Neopets is a virtual pet website. Users can own virtual pets ("Neopets") and buy virtual items for them using one of two virtual currencies. One currency, called Neopoints, can be earned within the site, and the other, Neocash, can either be purchased with real-world money, or won by chance in-game.

The website was launched by Adam Powell and Donna Williams in late 1999. Two years later, a consortium of investors led by Doug Dohring bought a controlling interest in the company and in June 2005, Viacom (the company that owns Nickelodeon) bought Neopets Inc. for US$160 million. On 17 March 2014, Viacom and Nickelodeon sold Neopets to JumpStart Games for an undisclosed amount. On 3 July 2017, Chinese company NetDragon acquired JumpStart.

Gameplay

Neopets allows users to create and care for digital pets called "Neopets" and explore the virtual world of Neopia. There is no set objective for the users, but they are expected to feed and care for their Neopets when they grow hungry or ill. Neopets will not die if neglected, but their health can limit their gameplay. Neopets come in a variety of species and colors and users can create or adopt their own.
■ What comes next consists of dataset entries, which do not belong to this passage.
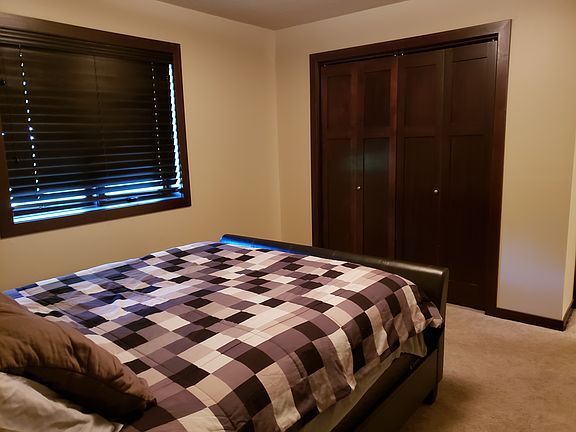 Master bed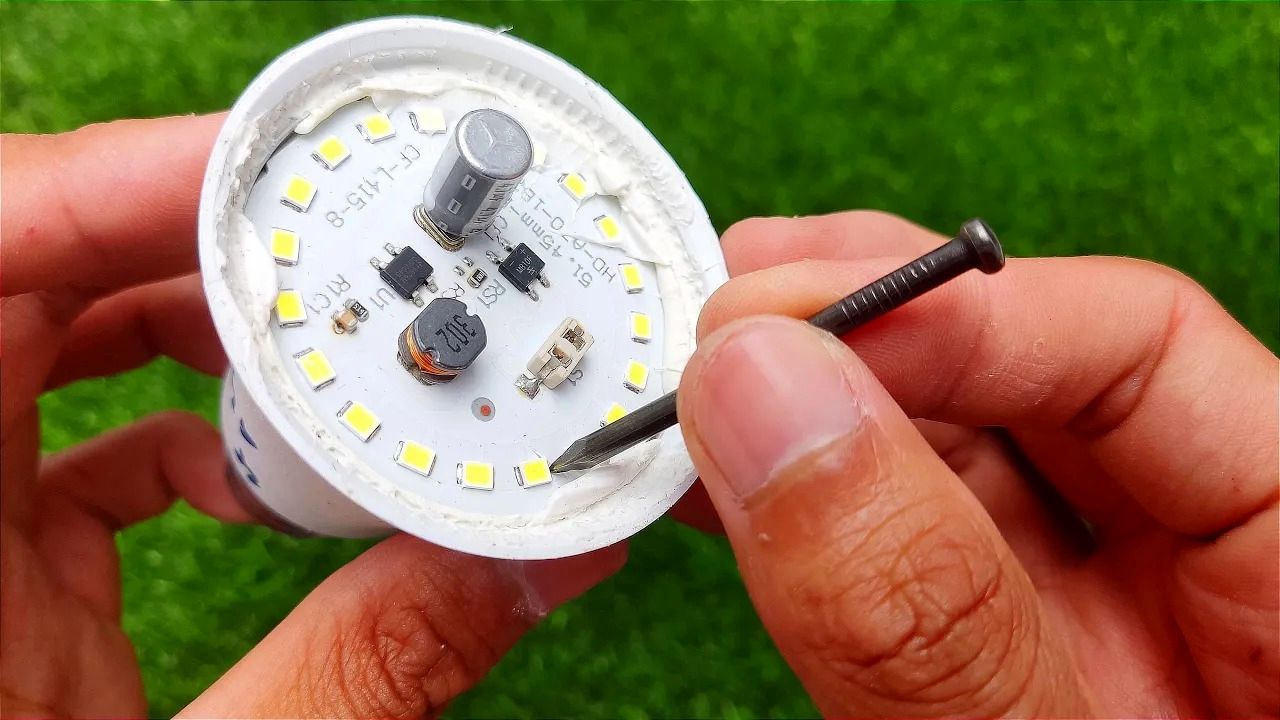 5 روش جدید و آسان برای تعمیر خرابی لامپ LED قدیمی در منزل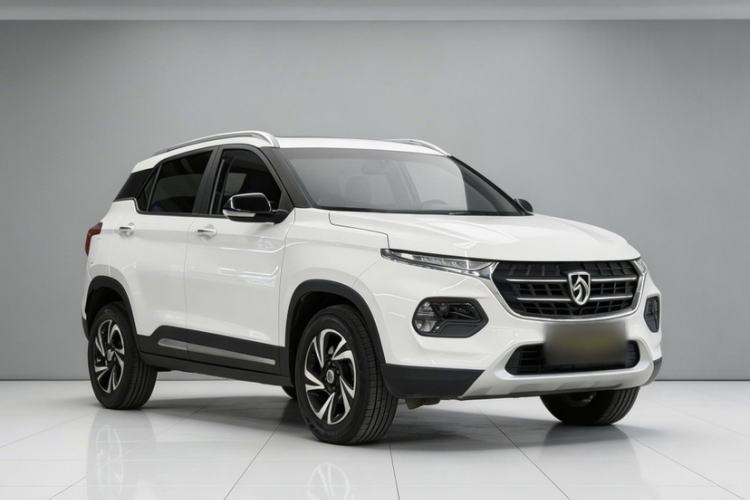 Used Baojun 510 2017 1.5L Manual Luxury Model Exterior 2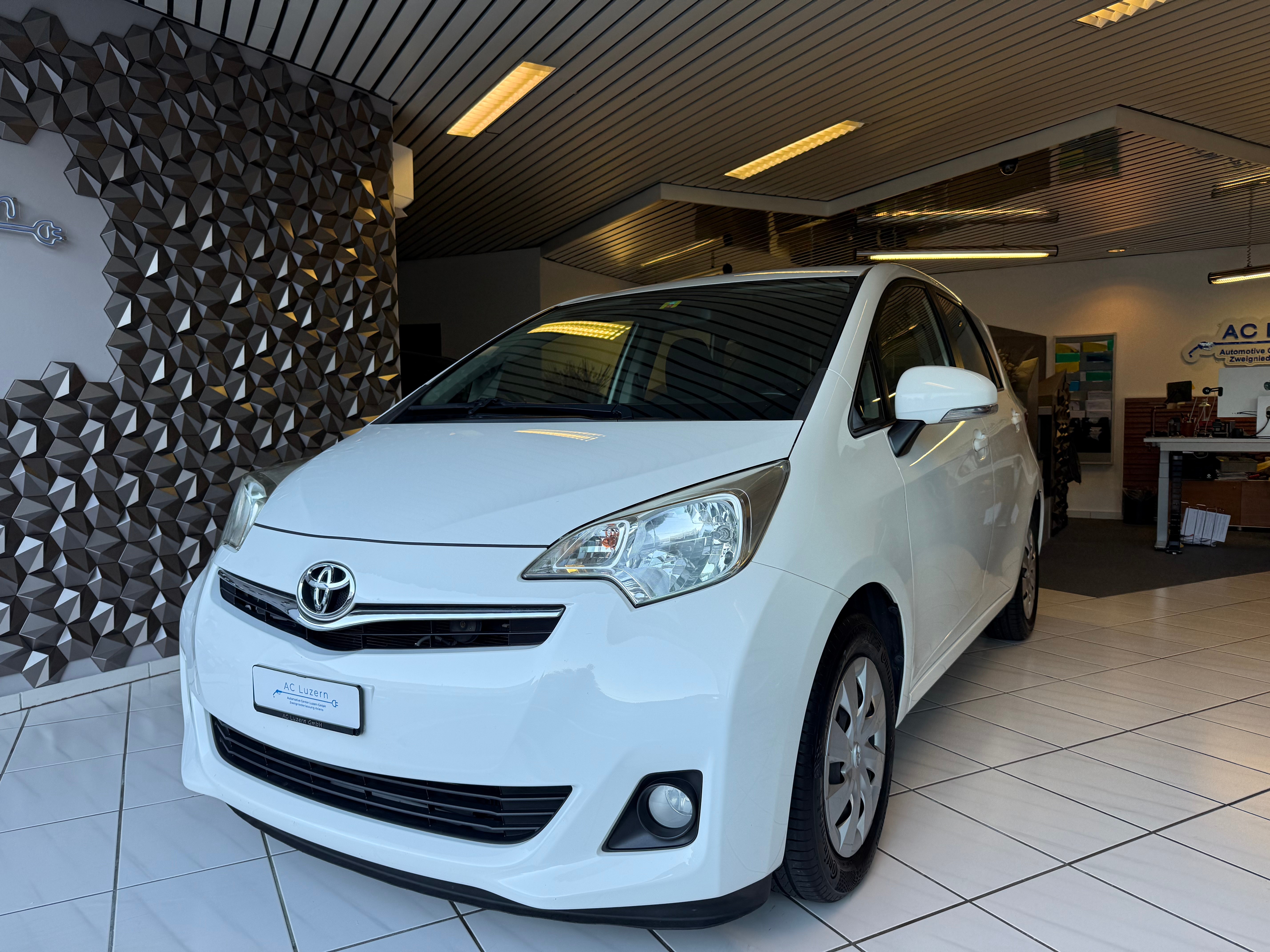 TOYOTA Verso-S 1.33 Linea Luna Multidrive S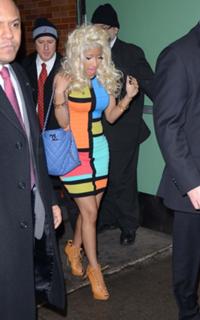 Nicki Minaj feet photo thumbnail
Users can obtain items to interact with their Neopet, such as books to read and toys to play with them. Neopets can be customised with certain clothing items, paintbrushes, morphing potions, and accessories. Neopets themselves can have pets of their own called Petpets. Users can build a customisable Neohome for their Neopets and furnish it with furniture, wallpaper, and flooring. Neopets can battle against other Neopets or non-player characters in the Battledome but they cannot die there.

Neopia is a virtual planet with fantasy lands inhabited by Neopets and other virtual creatures. Each land has a different theme, such as pirates or prehistory, and their own shops, games, and attractions. Neopia follows its own calendar and time zone, which runs concurrent with real-world Pacific Time, and has tie-ins with certain real-world holidays such as Halloween and Christmas. It has its own economy and stock market based on Neopoints. Users can earn Neopoints through various means including playing games and selling items, which can be invested or used to buy various virtual goods and services.

The site is regularly updated with features like new games, items, and content. Occasionally, the Neopets team release interactive storylines to expand the in-universe lore. In addition to the site content updated by the Neopets team, users also contribute content to the site. User contributions come in the form of prescreened submissions and readily editable content that is automatically filtered, such as the site's weekly electronic newspaper The Neopian Times. There are different types of submissions that will be accepted.

Games
Users can earn Neopoints from playing games. Games come in many different genres, which include action, puzzles, and luck & chance. Most games have set maximum earnings or playtime. Players may also earn trophies and other awards from games if they score high enough or perform better than other users. Many single-player and multiplayer browser games are available. Users can also participate in contests and spotlights judged by staff to showcase the users' talents. Quests to retrieve items may also be performed for specific NPCs. Challenges may be made against other players or random players in a "World Challenge" for a prize piece and Neopoints from the jackpot for certain web games. Monthly competitions also exist for multiplayer games with four week-long elimination rounds.

Economy
The economy is based on Neopoints. Users can also exchange real money for Neocash, used exclusively for the NC Mall. Users can earn Neopoints through playing games, selling items, and other transactions. Once earned, they can be saved in the bank, used to buy items from other users or non-player character (NPC) shops, used to buy and sell stocks in the Neopian stock market called the NEODAQ (a parody of the NASDAQ), or used to buy various other things. Items can be bought from shops found throughout the world of Neopia that are run by NPCs who may allow bargaining. Users can open their own shops to sell items, sometimes after obtaining those items at a lower price from sources such as other shops or charities. Items may also be exchanged through trading or auctions.

Community
Neopets has a community for users to chat with and contact other users. Each user has their own profile they can edit with HTML and CSS and are represented by avatars provided by the website, as users cannot upload their own. Most avatars must be "unlocked" by completing certain in-game tasks, such as winning a contest or getting a high score on a game.

Users may request other users to be "Neofriends" or block other users from contacting them. To comply with COPPA, users under 13 years of age cannot access any of the site's communication features without sending in parental consent via fax. The main features include:

 NeoMail, a personal in-game communication system like regular email. Users can write messages to other users and restrict who can contact them through NeoMail.
 Neoboards, public discussion boards for on-topic discussions. Users can enter their own "neoHTML", a restricted form of BBCode, to customise their posts and signatures.
 Guilds, groups of users with similar interests and their own message board.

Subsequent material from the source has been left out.